A ideia do Templo de Salomão surgiu na esteira da construção de megatemplos brasileiros, tendência entre líderes religiosos nos anos 2010. Sua inauguração, em 31 de julho de 2014, contou com a presença das principais autoridades do país à época, como o então prefeito da capital, Fernando Haddad (PT), o governador Geraldo Alckmin (PSB), a presidente Dilma Rousseff (PT), e o vice Michel Temer (MDB). Erguido em apenas quatro anos, o templo simbolizou o poder e a capacidade de Edir Macedo de unir rivais políticos. 

De lá para cá, o bispo perdeu parte de seu caráter pluripartidário. A Universal se alinhou politicamente ao então presidente Jair Bolsonaro (PL), que passou a ter como aliado o partido Republicanos, ligado à igreja.
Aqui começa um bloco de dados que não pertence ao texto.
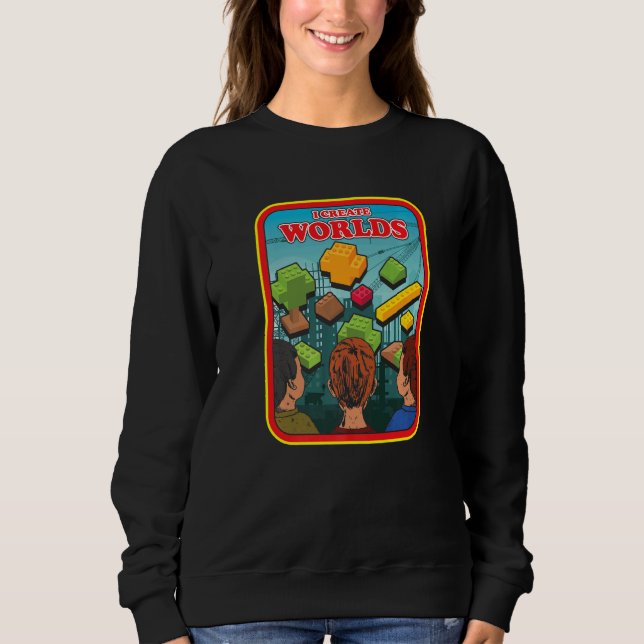 Create Worlds Master Builder Engineer Construction Sweatshirt (Front)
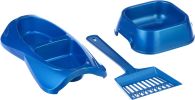 Van Ness Cat Starter Kit with Litter Pan, Cat Pan Liners, Litter Scoop, Food and Water Bowls Assorted Colors
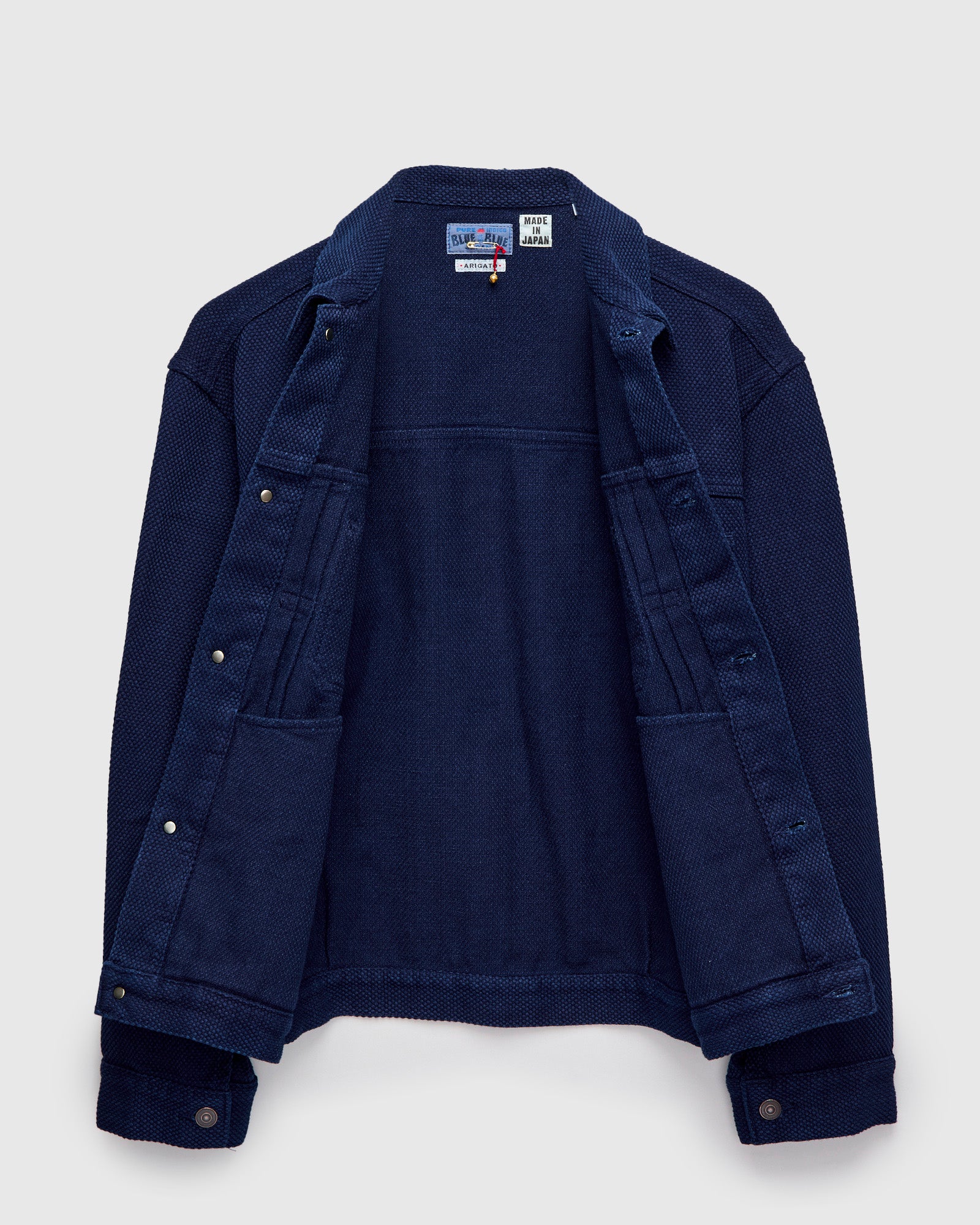 Light Sashiko Trucker Jacket in Pure Indigo - Image 3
Com a tomada de lado, o aniversário de dez anos do Templo de Salomão perdeu relevância política: a comemoração só recebeu uma visita surpresa do influenciador Pablo Marçal, pré-candidato à prefeitura de São Paulo pelo PRTB. 

Mas, na região do Brás, a construção ainda impõe respeito. “Quando o templo inaugurou, vieram aqui entregar o convite pra gente. Eu não quis conhecer. Sou cristã, mas não gosto de ir nessa igreja por causa de toda soberba. Quando eu neguei o convite, falaram logo que era coisa do diabo”, lembrou Juliana, de 34 anos.

Na loja de lingerie em que ela trabalha como atendente, assim como em outros comércios da região, a trilha sonora que toca é o louvor. Ela nega que exista alguma discriminação contra não cristãos, mas pediu para não ter o sobrenome identificado. “Meu patrão vai ao templo, não sei se ele vai gostar de saber que eu estou falando essas coisas”, completou.